• PROBLEM DETAILS
Give back all of the data exactly as it stands, with the pictures removed.

• THE DATA
★ ★ ★

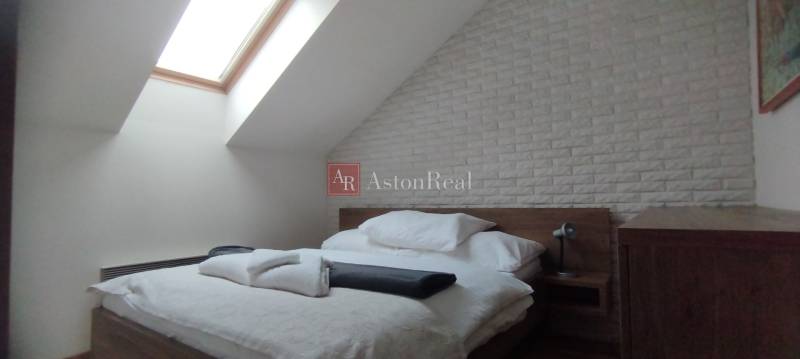 Predaj !Elegantný byt s wellness prvkami pri Jasnej - Spálňa v 2-izbovom byte s posteľou, strešným oknom a tehlovým obkladom.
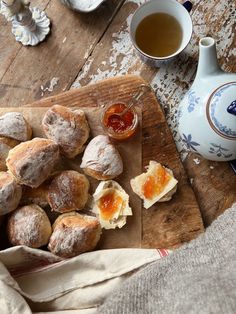 pastries on a cutting board next to a cup of tea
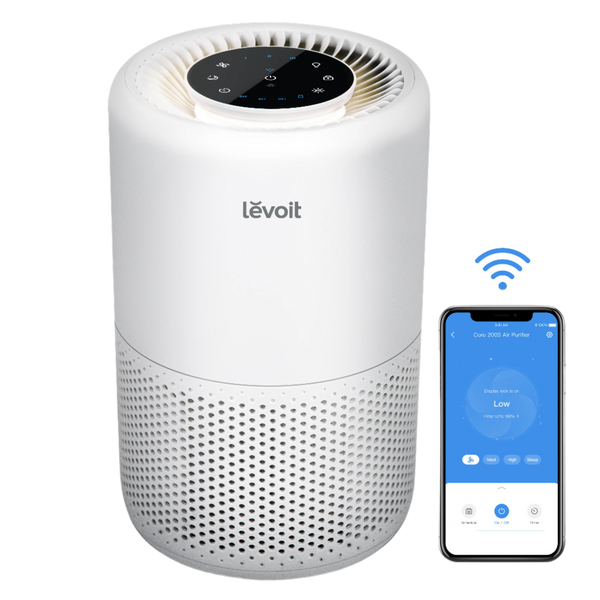 White Levoit Core 200S smart air purifier beside a phone showing the VeSync control app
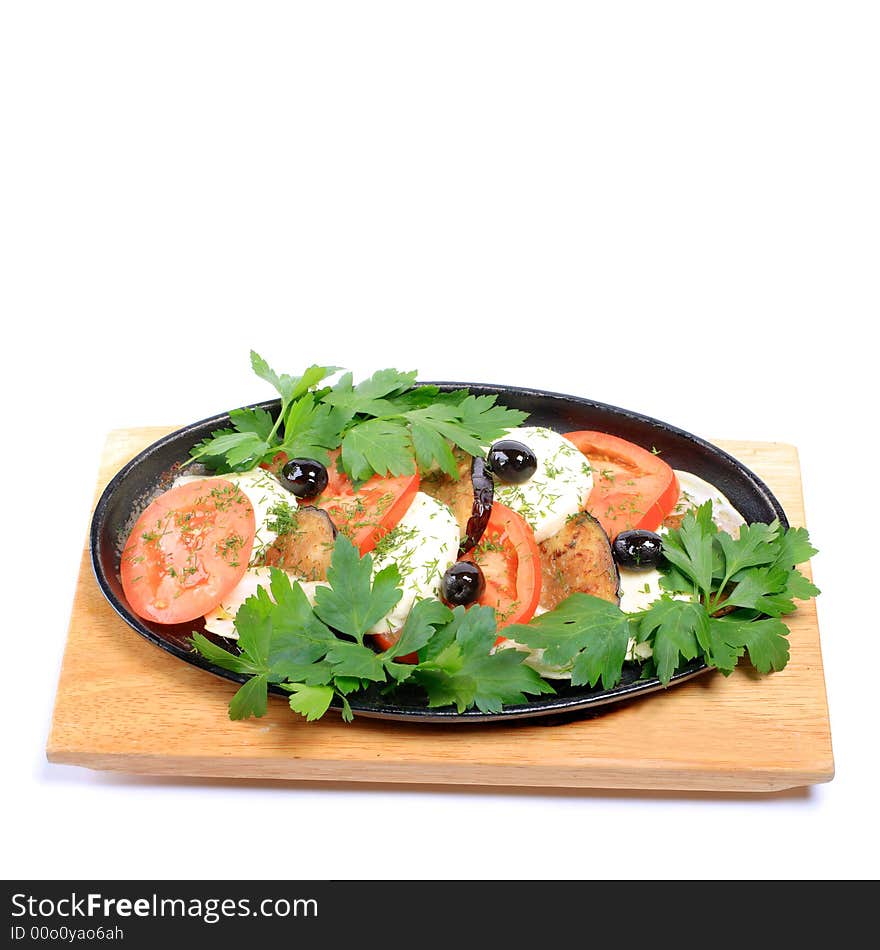 A portion of fresh greek salad on white background. A portion of fresh greek salad on white background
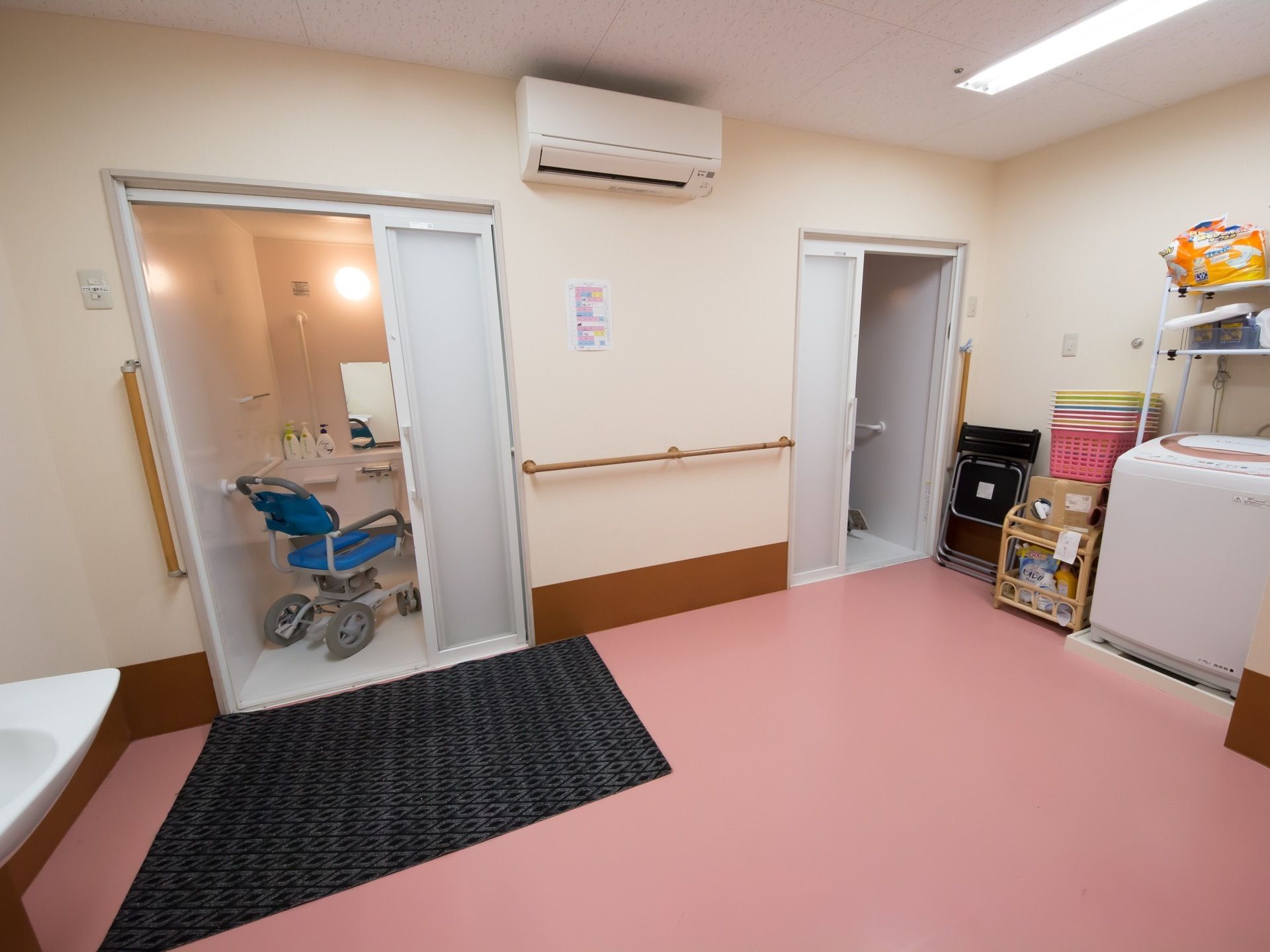 ピンク色の床が印象的なランドリールームである。白色の洗濯機やバスケットなどが備わっている。エアコンも完備している。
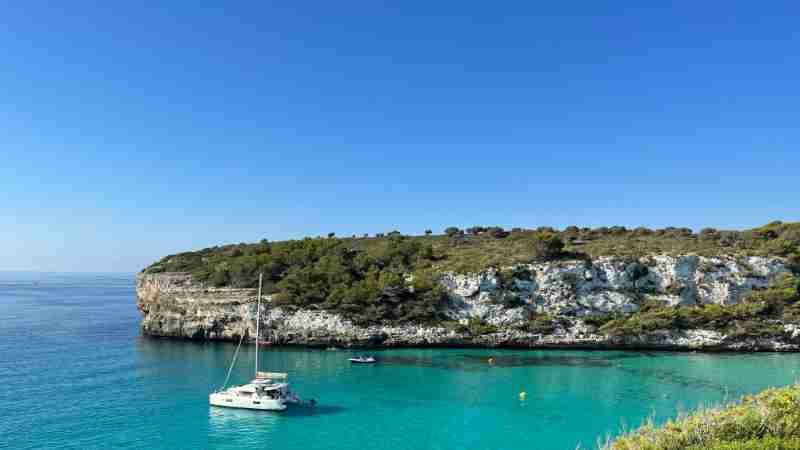 Idyllic Mediterranean bay with turquoise waters and a sailboat in Ibiza, Spain., tags: een saint george's, - pexel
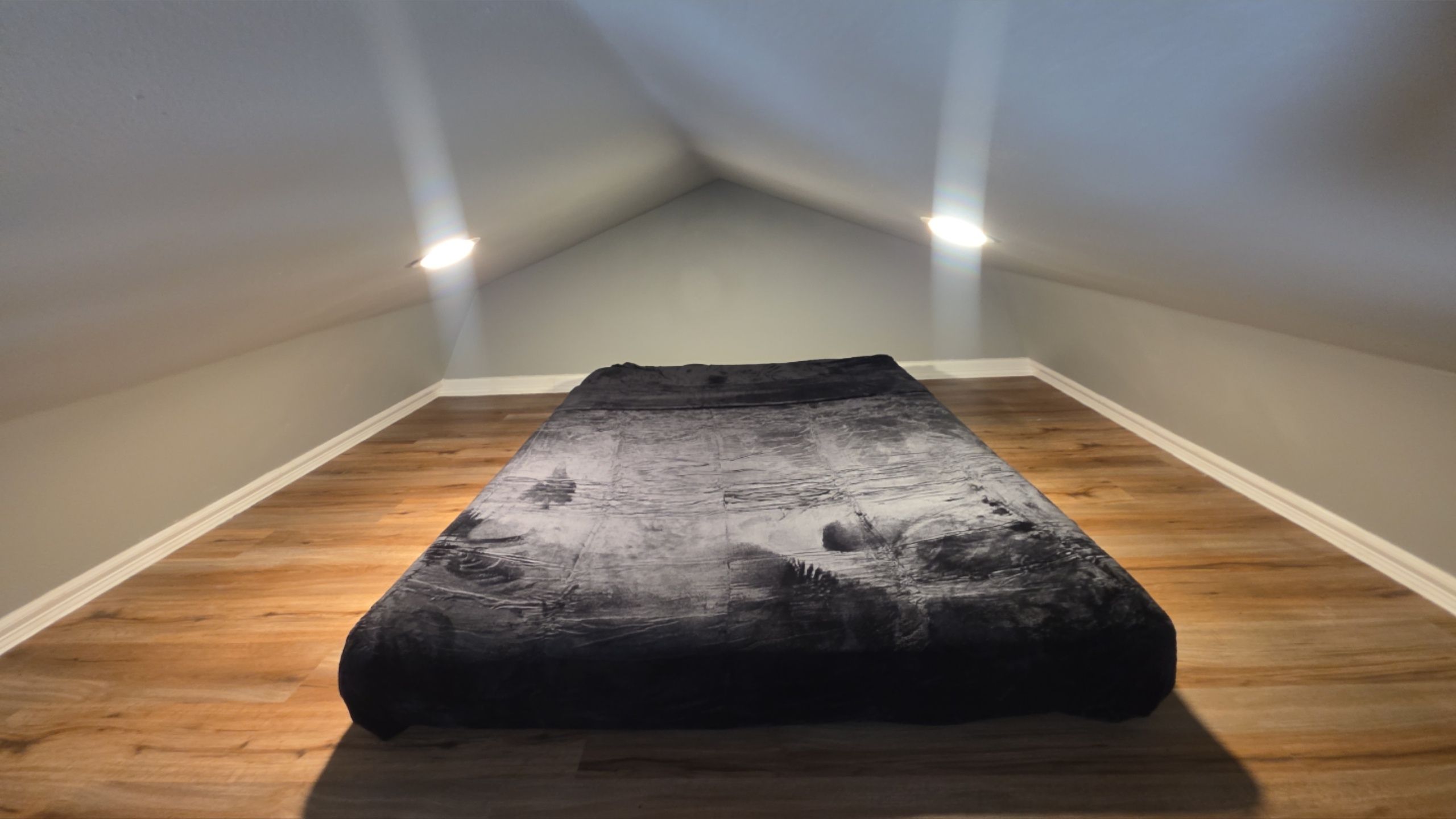 Een kamer met een bed in het midden, houten vloeren en twee plafondlampen.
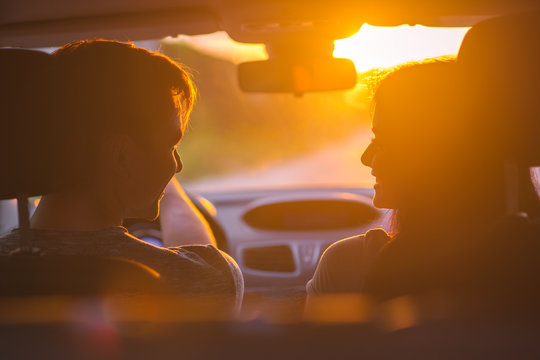 The happy couple sitting in a car on the background of the sunset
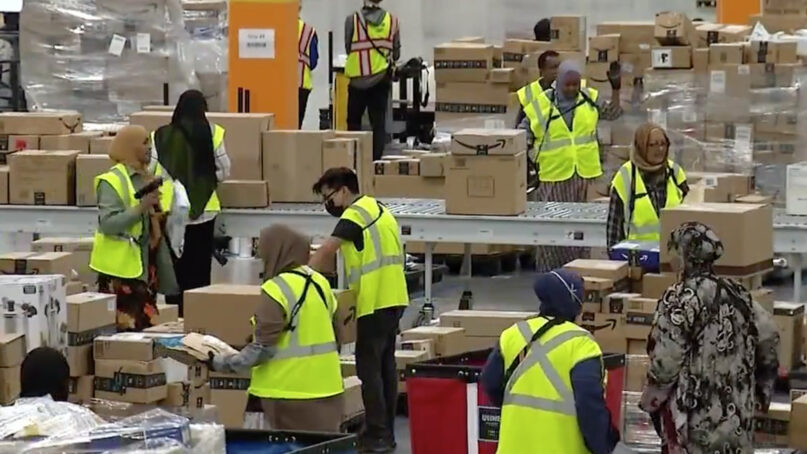 Employees work recently at an Amazon facility in Woodbury, Minnesota. Video screen grab via KSTP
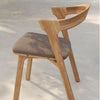 Light oak wooden chair with a grey upholstered seat, featuring a sleek, modern design and smooth contours.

★ ★ ★

• ANSWER SPACE
 Predaj !Elegantný byt s wellness prvkami pri Jasnej - Spálňa v 2-izbovom byte s posteľou, strešným oknom a tehlovým obkladom.
 pastries on a cutting board next to a cup of tea
 White Levoit Core 200S smart air purifier beside a phone showing the VeSync control app
 A portion of fresh greek salad on white background. A portion of fresh greek salad on white background
 ピンク色の床が印象的なランドリールームである。白色の洗濯機やバスケットなどが備わっている。エアコンも完備している。
 Idyllic Mediterranean bay with turquoise waters and a sailboat in Ibiza, Spain., tags: een saint george's, - pexel
 Een kamer met een bed in het midden, houten vloeren en twee plafondlampen.
 The happy couple sitting in a car on the background of the sunset
 Employees work recently at an Amazon facility in Woodbury, Minnesota. Video screen grab via KSTP
 Light oak wooden chair with a grey upholstered seat, featuring a sleek, modern design and smooth contours.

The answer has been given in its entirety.